Poxel initiates second part of PXL065 study to treat NASH

27th November 2018 (Last Updated November 27th, 2018 00:00)

Poxel has initiated the second part of the Phase Ia study of PXL065, which is being developed for the treatment of non-alcoholic steatohepatitis (NASH).

Poxel has initiated the second part of the Phase Ia study of PXL065, which is being developed for the treatment of non-alcoholic steatohepatitis (NASH).

This part of the study will enrol six healthy subjects per group, with a primary objective to evaluate the safety and tolerability and a secondary objective to assess dose proportionality.

It will include two single oral doses and potentially up to three additional doses of PXL065.

The first part of the Phase Ia study saw 12 healthy subjects receive a single oral dose of 22.5mg of the drug candidate or 45mg actos.

Results showed the drug to be safe and well-tolerated, no adverse events reported.

"Data generated from this latest study of PXL065 should enable us to establish optimal doses for the next phase of development."

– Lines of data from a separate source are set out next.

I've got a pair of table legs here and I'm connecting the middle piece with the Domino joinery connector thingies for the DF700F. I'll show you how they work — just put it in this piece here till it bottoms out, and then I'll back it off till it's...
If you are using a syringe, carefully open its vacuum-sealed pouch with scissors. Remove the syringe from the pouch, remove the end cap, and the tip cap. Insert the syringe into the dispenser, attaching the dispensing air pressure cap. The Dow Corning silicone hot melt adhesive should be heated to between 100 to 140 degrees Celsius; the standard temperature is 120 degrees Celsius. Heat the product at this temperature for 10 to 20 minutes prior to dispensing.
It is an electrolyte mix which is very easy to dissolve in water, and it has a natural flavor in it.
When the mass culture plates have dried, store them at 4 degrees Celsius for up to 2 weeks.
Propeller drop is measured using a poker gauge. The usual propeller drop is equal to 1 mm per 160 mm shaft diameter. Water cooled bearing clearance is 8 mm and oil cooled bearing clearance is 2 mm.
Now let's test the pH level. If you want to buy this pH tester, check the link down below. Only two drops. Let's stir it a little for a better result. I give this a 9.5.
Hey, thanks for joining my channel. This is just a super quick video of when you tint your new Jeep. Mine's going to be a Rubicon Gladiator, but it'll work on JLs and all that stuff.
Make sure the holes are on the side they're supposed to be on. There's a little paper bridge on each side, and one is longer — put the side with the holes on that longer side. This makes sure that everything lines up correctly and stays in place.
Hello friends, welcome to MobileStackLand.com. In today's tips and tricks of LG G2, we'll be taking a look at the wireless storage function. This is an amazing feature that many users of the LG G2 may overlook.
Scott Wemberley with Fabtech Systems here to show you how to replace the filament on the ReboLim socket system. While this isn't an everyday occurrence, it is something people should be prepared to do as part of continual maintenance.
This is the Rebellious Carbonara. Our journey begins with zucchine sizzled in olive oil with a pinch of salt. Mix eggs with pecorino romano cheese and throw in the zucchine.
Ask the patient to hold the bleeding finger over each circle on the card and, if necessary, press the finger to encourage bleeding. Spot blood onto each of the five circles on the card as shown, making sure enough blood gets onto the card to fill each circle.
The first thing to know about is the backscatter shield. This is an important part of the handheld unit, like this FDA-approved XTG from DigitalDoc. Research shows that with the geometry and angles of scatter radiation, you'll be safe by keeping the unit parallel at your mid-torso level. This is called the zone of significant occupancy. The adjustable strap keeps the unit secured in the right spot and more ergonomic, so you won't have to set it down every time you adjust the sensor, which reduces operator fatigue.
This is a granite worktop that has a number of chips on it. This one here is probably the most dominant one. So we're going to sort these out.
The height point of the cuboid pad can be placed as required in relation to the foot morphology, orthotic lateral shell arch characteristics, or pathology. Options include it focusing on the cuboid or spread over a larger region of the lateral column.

Poxel CEO Thomas Kuhn said: “Shortly after signing the acquisition agreement with DeuteRx for PXL065, the IND for PXL065 was transferred to Poxel, and we subsequentially initiated part two of the Phase Ia study.

“Data generated from this latest study of PXL065, including the PK results and modelling work based on the highest approved dose of pioglitazone, should enable us to establish optimal doses for the next phase of development.”

PXL065 is a novel patent-protected drug candidate and offers a new approach for the treatment of NASH.

It also has the potential to preserve the pharmacological benefits of pioglitazone required for NASH treatment, a metabolic disease with no clear disease origin.

Kuhn added: “We believe that addressing a variety of relevant pathways, such as mitochondrial pyruvate carrier (MPC) inhibition with PXL065 and direct adenosine monophosphate-activated protein kinase (AMPK) activation with PXL770, could yield greater success in the treatment of NASH.”